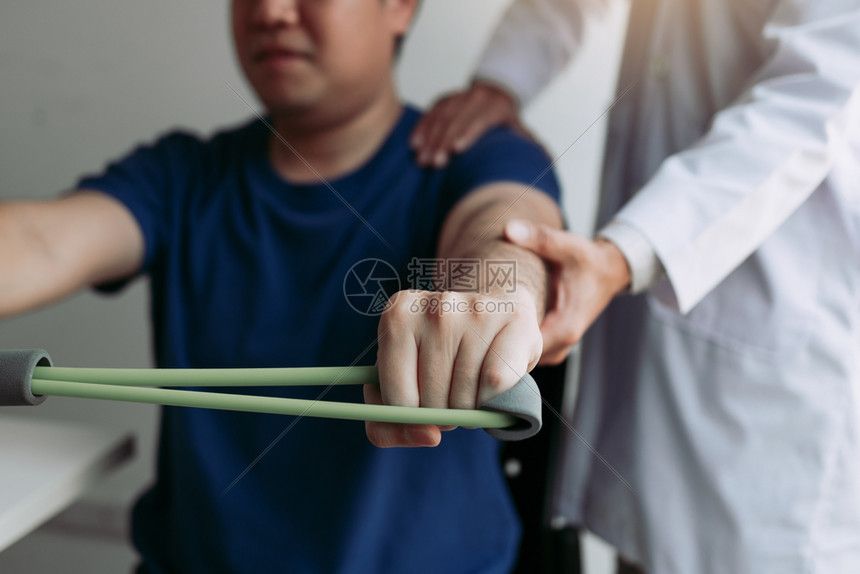 亚洲男理疗师血统与在诊疗室用灵活锻炼带进行伸展的病人一起工作图片
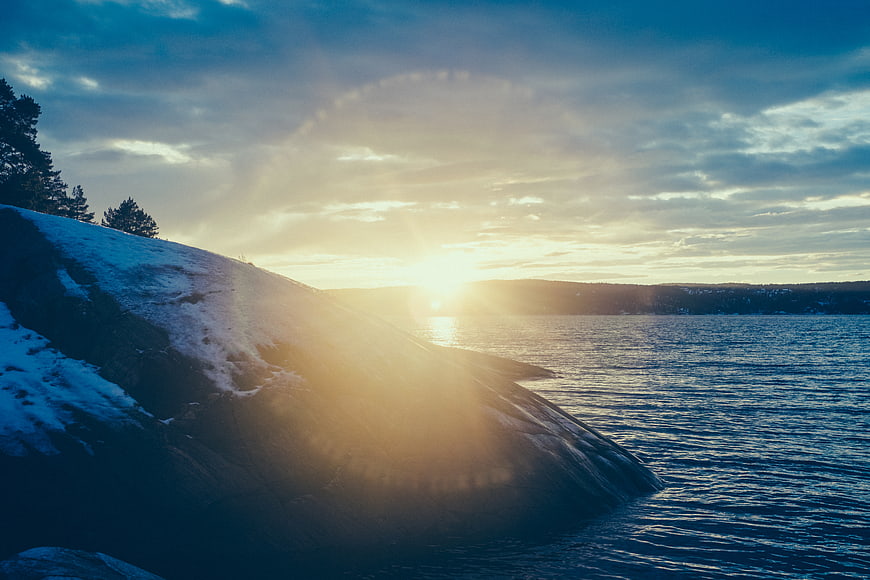 Winter sunset over snowy rocky coastline with sun flare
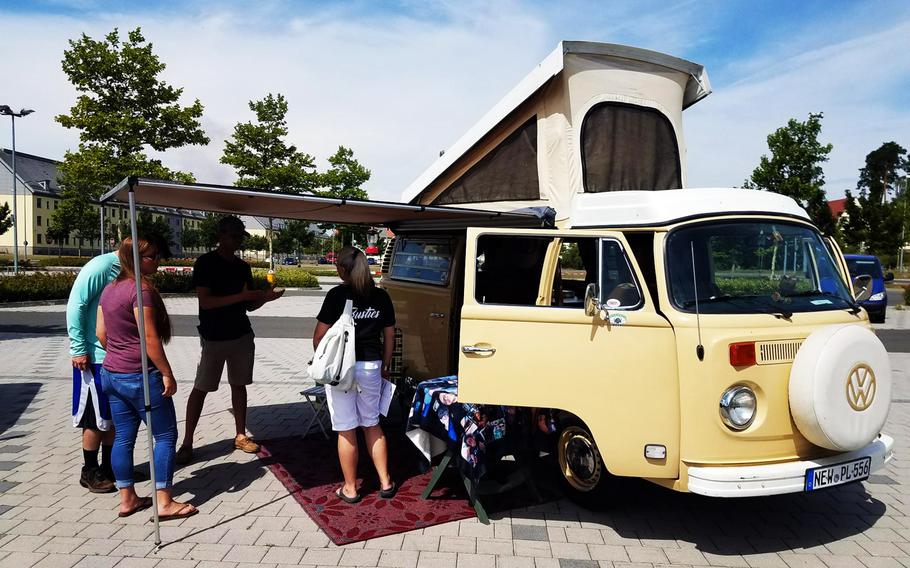 Soldiers and families check out a Volkswagen bus at the Independence Day car show put on by the Better Opportunities for Single Soldiers program, at Grafenwoehr, Germany, Wednesday, July 4, 2018. 
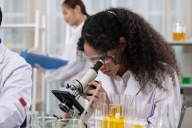 Young scientist with protective eyewear looking through a microscope in laboratory for medical and biological research.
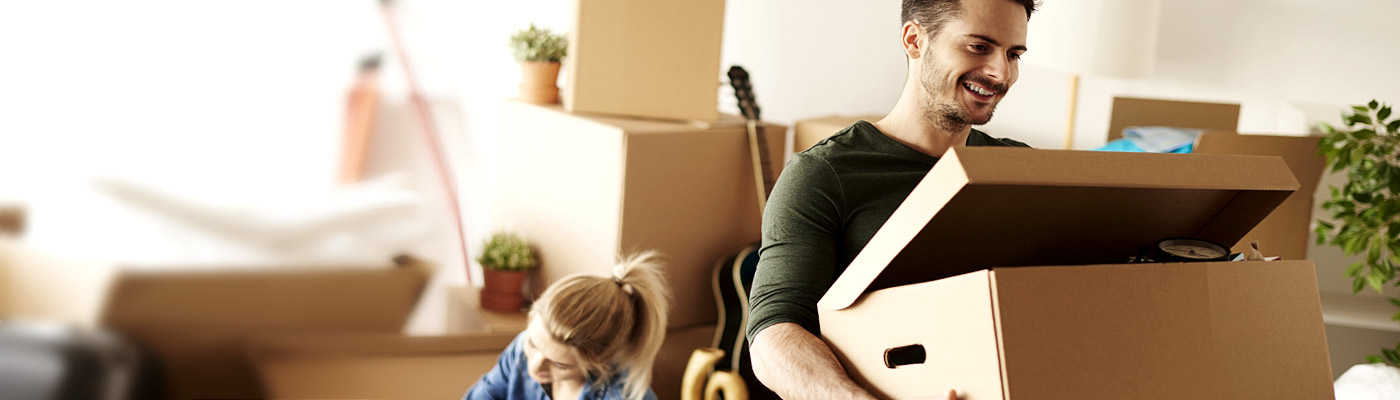 Ein Mann trägt eine Umzugskarton, während eine Frau im Hintergrund beschäftigt ist. Im Raum befinden sich weitere Umzugskartons.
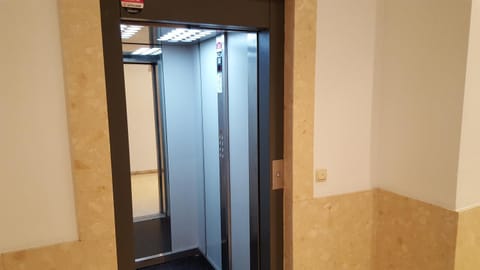 Property building, elevator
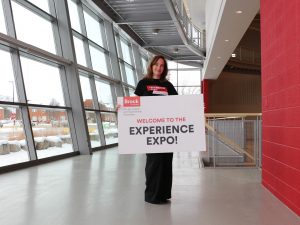 A woman stands next to a university gymnasium holding a sign that says Welcome To The ‘Experience Expo’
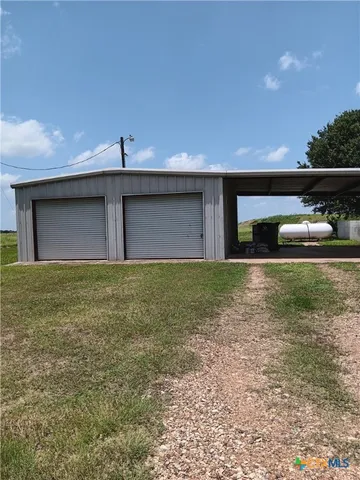 a front view of a house with yard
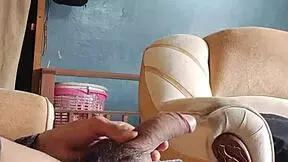 Masturbating my cock hard in the living room - damn hot!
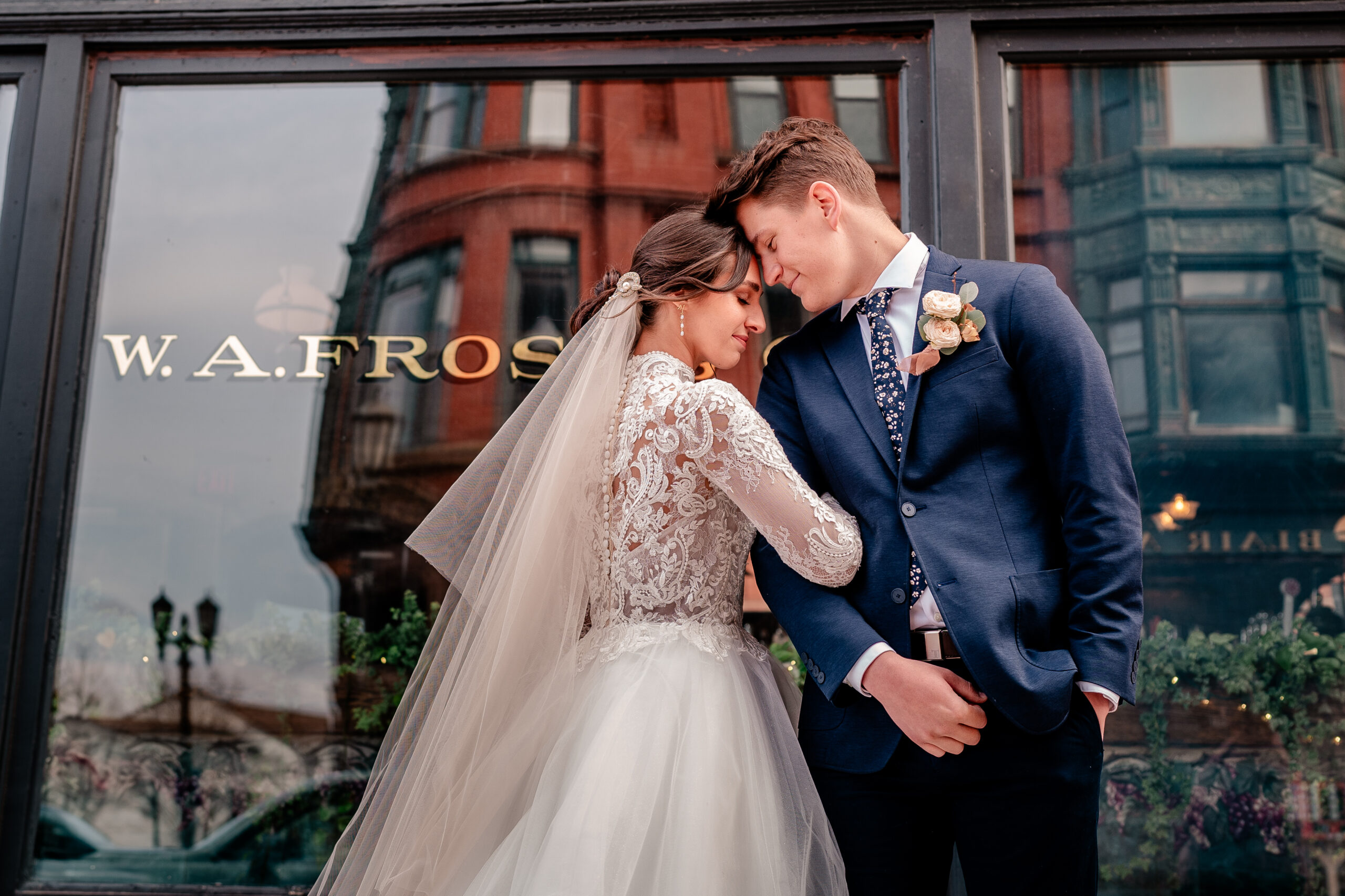 A bride and groom posed outside of a wedding venue for their Catholic wedding photographer Beauty of the Soul Studio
──────────
_Brief_. Your task is to restate every record word for word. Omit all pictures.

_Task output_.
 亚洲男理疗师血统与在诊疗室用灵活锻炼带进行伸展的病人一起工作图片
 Winter sunset over snowy rocky coastline with sun flare
 Soldiers and families check out a Volkswagen bus at the Independence Day car show put on by the Better Opportunities for Single Soldiers program, at Grafenwoehr, Germany, Wednesday, July 4, 2018. 
 Young scientist with protective eyewear looking through a microscope in laboratory for medical and biological research.
 Ein Mann trägt eine Umzugskarton, während eine Frau im Hintergrund beschäftigt ist. Im Raum befinden sich weitere Umzugskartons.
 Property building, elevator
 A woman stands next to a university gymnasium holding a sign that says Welcome To The ‘Experience Expo’
 a front view of a house with yard
 Masturbating my cock hard in the living room - damn hot!
 A bride and groom posed outside of a wedding venue for their Catholic wedding photographer Beauty of the Soul Studio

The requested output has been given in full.